[To do]:
In the records below, find the line that contains "Gold Heart Pendant Necklace" and the line that contains "Font de teint dermacol 208 207"; write out exactly those two lines and everything between them, without the pictures.

[Extracted data]:

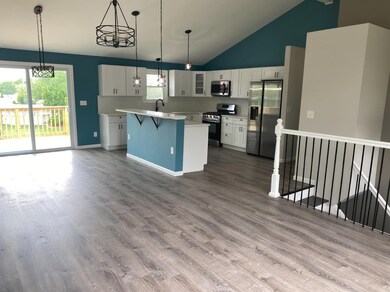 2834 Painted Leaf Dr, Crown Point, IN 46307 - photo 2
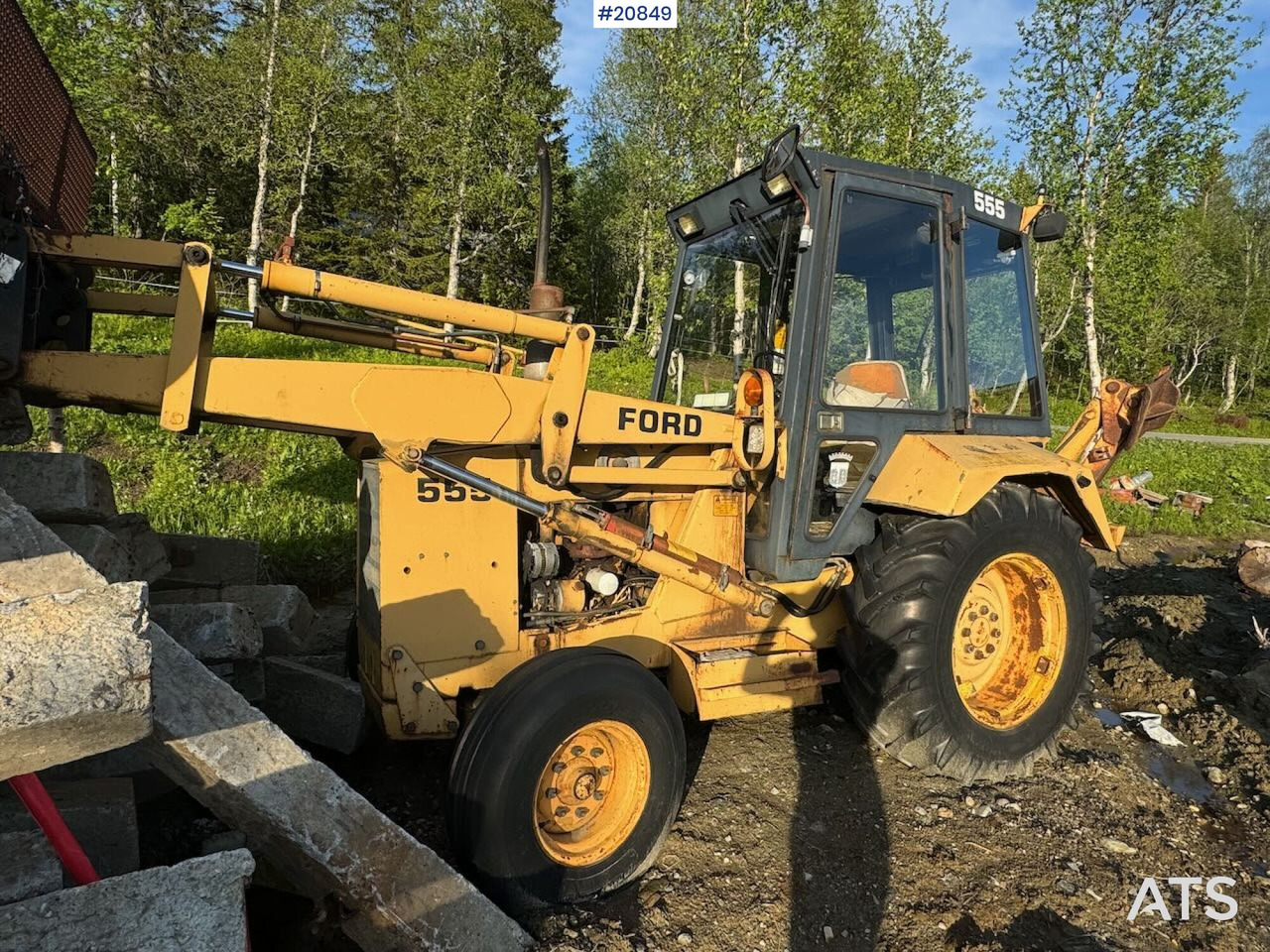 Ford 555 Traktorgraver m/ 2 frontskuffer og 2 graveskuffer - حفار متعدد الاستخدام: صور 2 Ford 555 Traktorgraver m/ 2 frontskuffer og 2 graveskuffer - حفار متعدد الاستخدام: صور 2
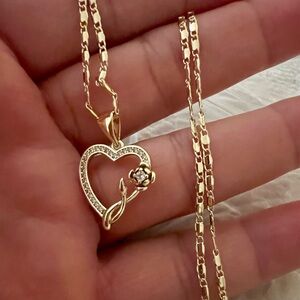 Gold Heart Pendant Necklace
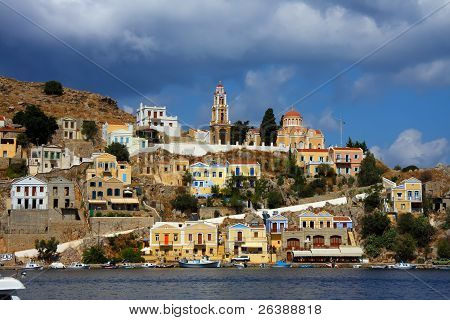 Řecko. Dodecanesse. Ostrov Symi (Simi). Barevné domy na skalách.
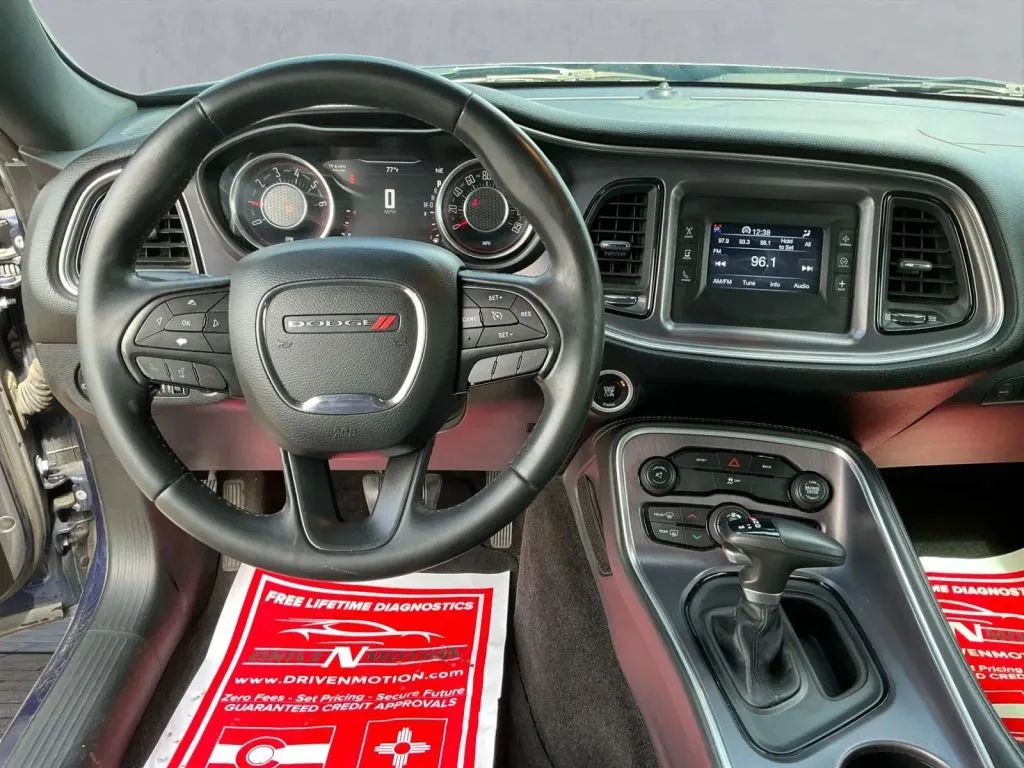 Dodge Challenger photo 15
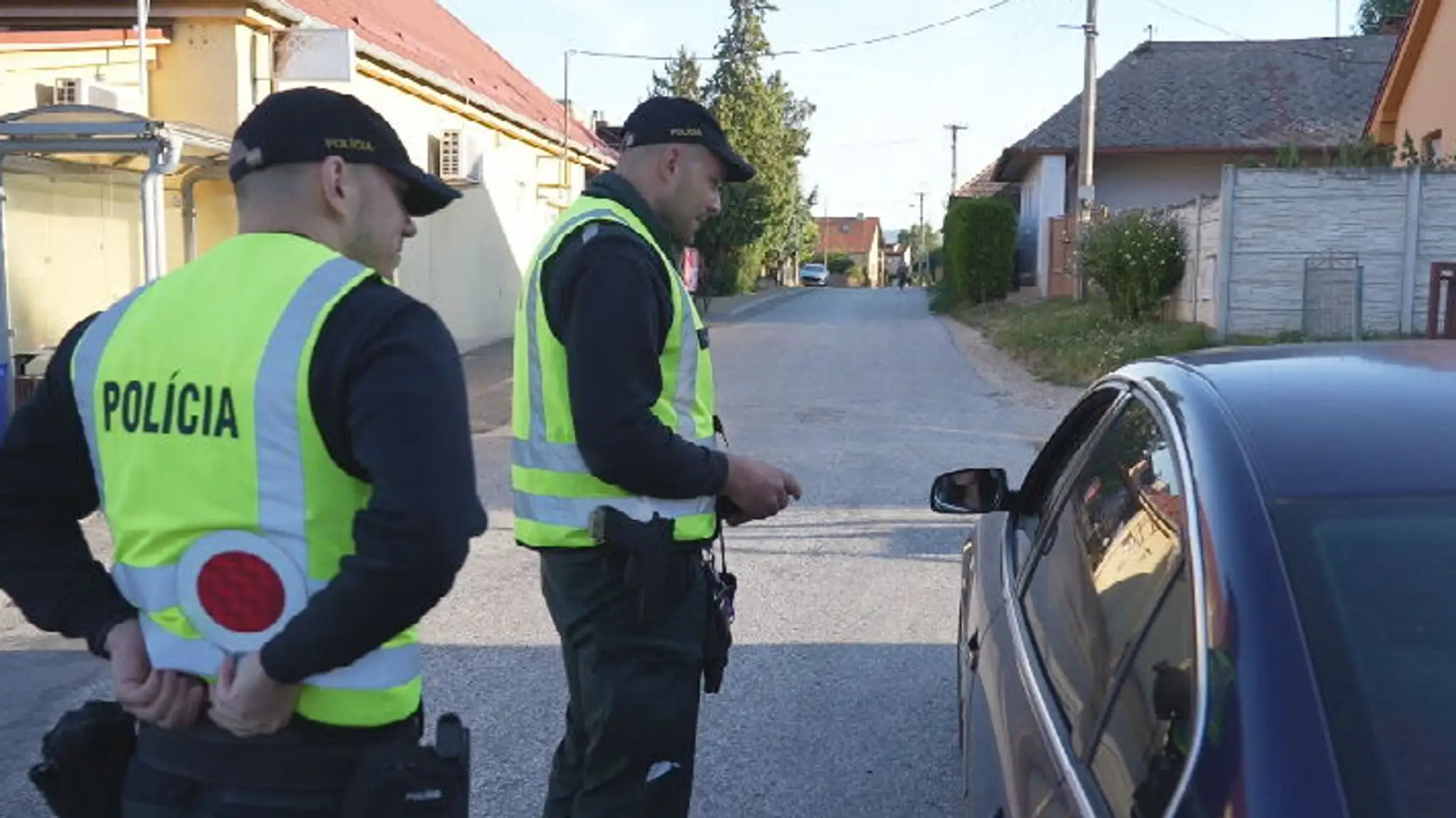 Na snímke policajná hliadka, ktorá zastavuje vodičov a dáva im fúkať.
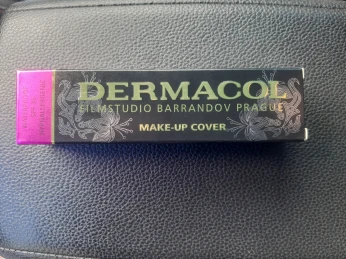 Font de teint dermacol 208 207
--
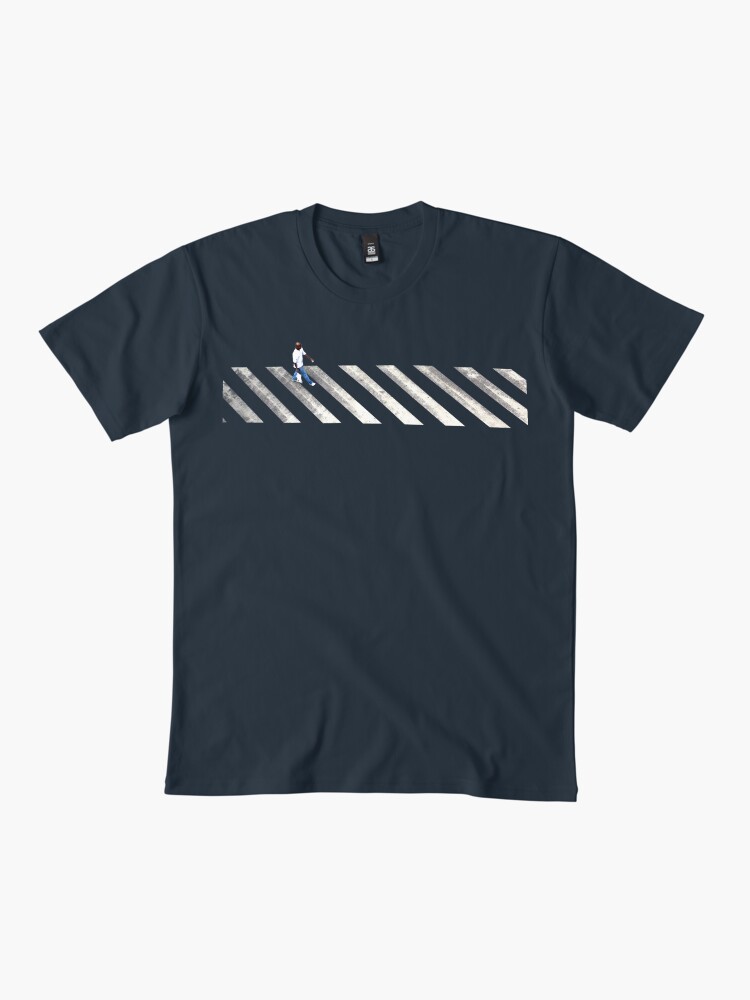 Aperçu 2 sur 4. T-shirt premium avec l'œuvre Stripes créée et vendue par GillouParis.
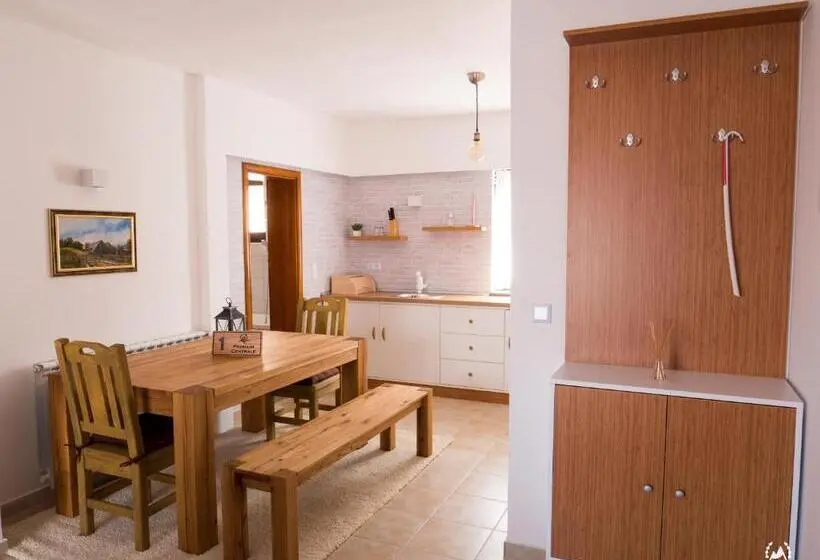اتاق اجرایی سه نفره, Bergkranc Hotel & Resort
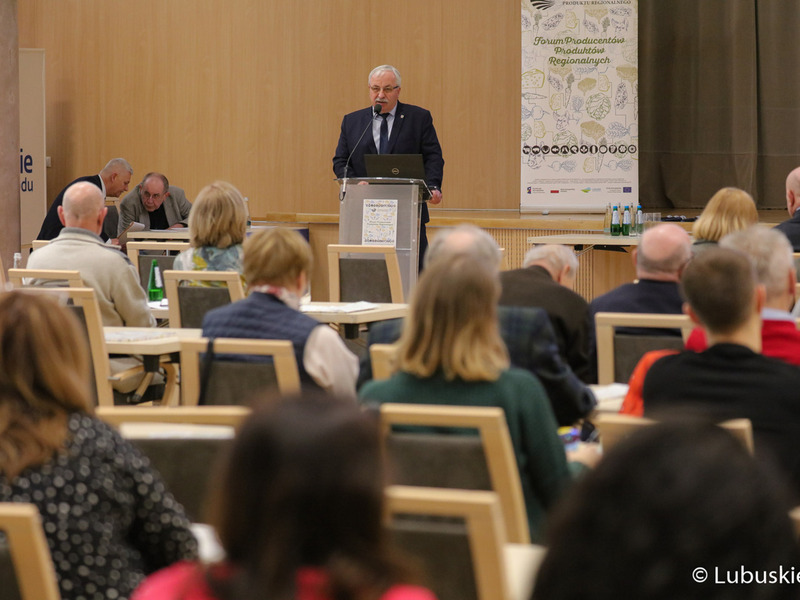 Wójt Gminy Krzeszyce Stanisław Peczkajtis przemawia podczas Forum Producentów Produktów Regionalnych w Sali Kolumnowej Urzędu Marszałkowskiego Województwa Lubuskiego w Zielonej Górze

[Reply to the task]:
 Gold Heart Pendant Necklace
 Řecko. Dodecanesse. Ostrov Symi (Simi). Barevné domy na skalách.
 Dodge Challenger photo 15
 Na snímke policajná hliadka, ktorá zastavuje vodičov a dáva im fúkať.
 Font de teint dermacol 208 207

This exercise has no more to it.